● **What this task involves**: Begin at the line that has "Malfunctioning Robot Puppet", stop after the line that has "Attract set, Pear", and print exactly those lines from the records below, without any pictures.

● **Dataset content**:
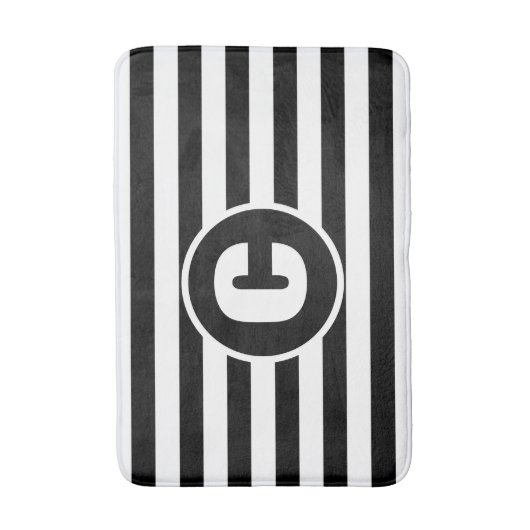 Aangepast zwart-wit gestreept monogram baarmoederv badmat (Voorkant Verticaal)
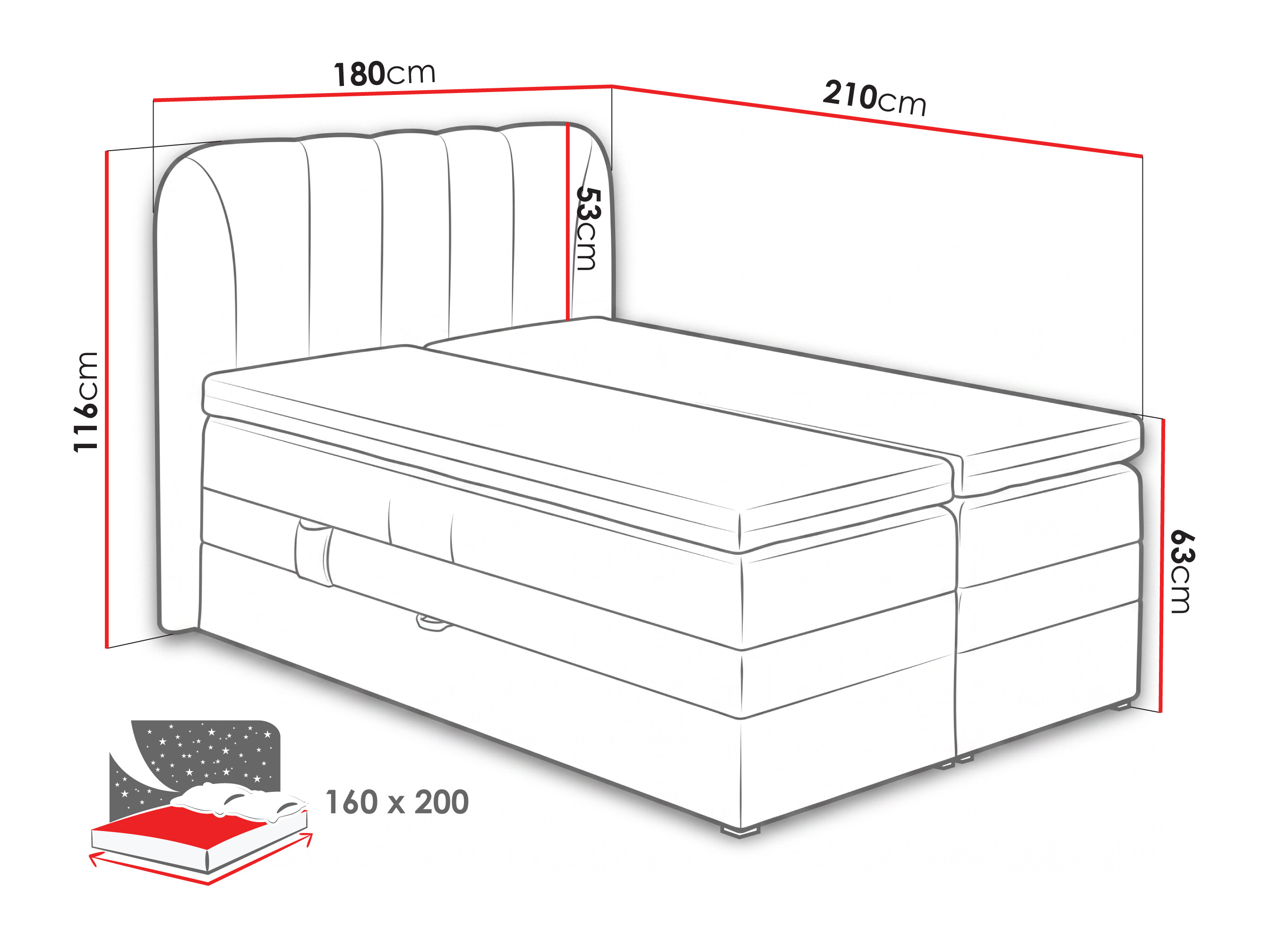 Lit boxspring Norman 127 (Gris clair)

==

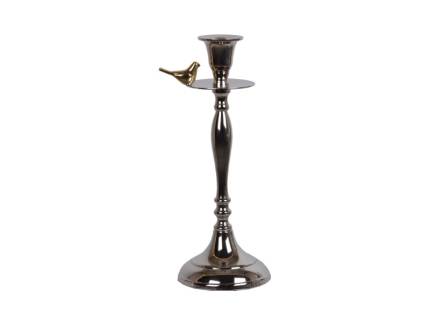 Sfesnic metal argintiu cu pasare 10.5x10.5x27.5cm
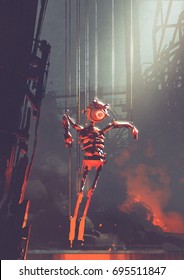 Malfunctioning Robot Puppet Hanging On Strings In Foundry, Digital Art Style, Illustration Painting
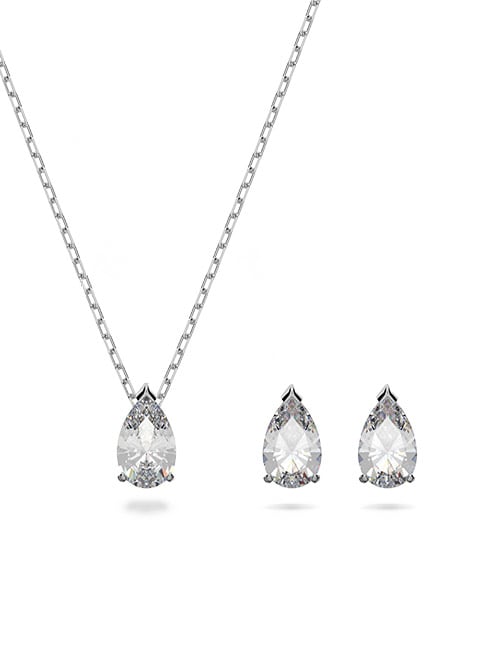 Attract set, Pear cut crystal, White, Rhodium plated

● **Expected output**:
 Malfunctioning Robot Puppet Hanging On Strings In Foundry, Digital Art Style, Illustration Painting
 Attract set, Pear cut crystal, White, Rhodium plated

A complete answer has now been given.